*Record set*.
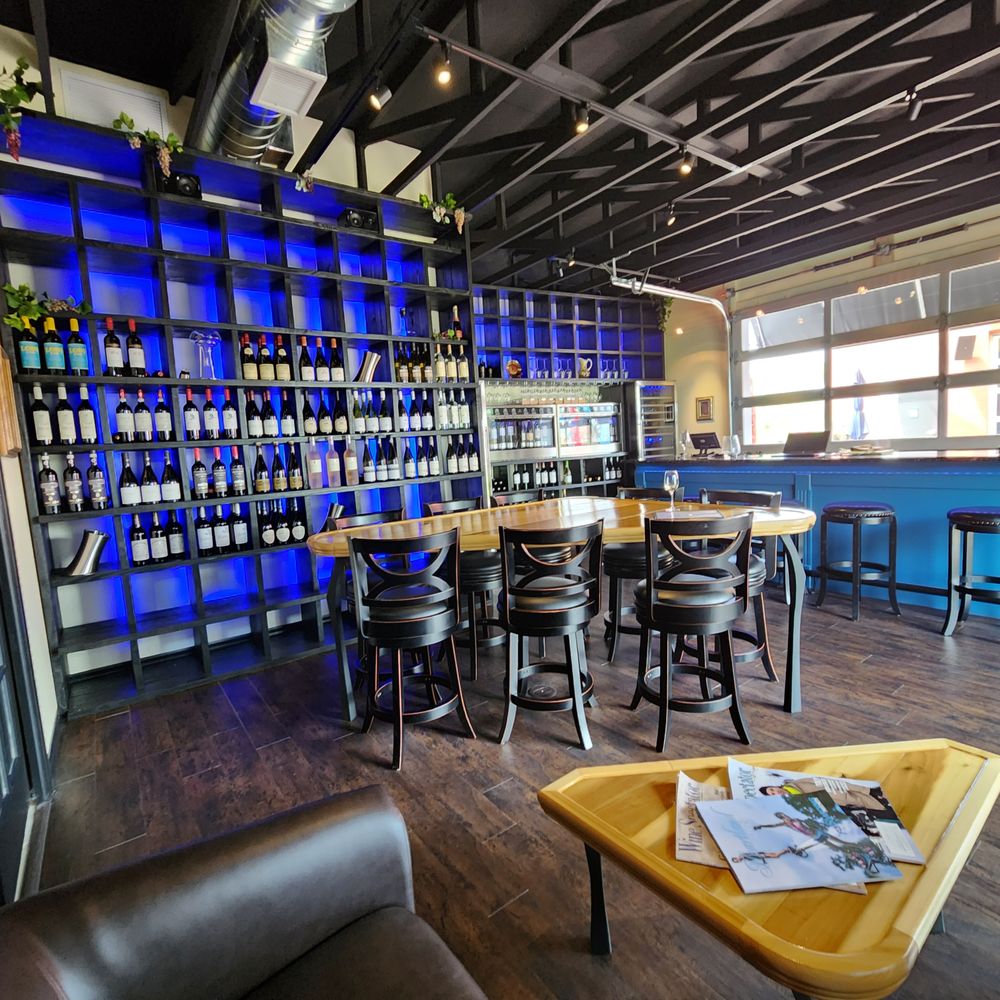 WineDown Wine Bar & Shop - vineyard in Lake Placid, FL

==

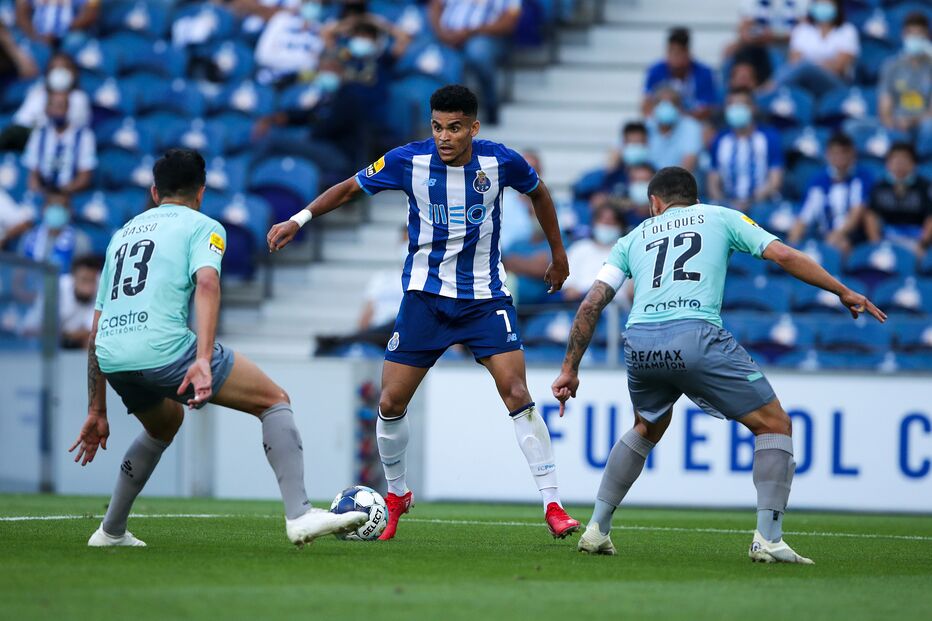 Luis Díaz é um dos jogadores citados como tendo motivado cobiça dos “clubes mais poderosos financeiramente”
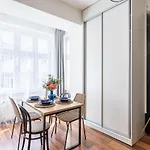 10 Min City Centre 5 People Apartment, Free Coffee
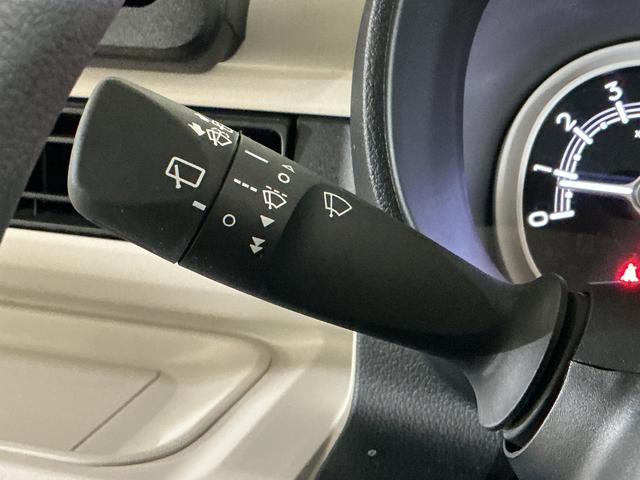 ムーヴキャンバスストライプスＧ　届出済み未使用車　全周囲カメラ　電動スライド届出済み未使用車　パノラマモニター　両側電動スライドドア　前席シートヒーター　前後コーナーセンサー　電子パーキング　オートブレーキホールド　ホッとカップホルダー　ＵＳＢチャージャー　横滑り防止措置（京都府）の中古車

*What you have to do*.
Both boundary lines included, write out word for word only the lines above from the one containing "Luis Díaz é" to the one containing "ムーヴキャンバスストライプス", leaving out any pictures.

*Exercise result*.
 Luis Díaz é um dos jogadores citados como tendo motivado cobiça dos “clubes mais poderosos financeiramente”
 10 Min City Centre 5 People Apartment, Free Coffee
 ムーヴキャンバスストライプスＧ　届出済み未使用車　全周囲カメラ　電動スライド届出済み未使用車　パノラマモニター　両側電動スライドドア　前席シートヒーター　前後コーナーセンサー　電子パーキング　オートブレーキホールド　ホッとカップホルダー　ＵＳＢチャージャー　横滑り防止措置（京都府）の中古車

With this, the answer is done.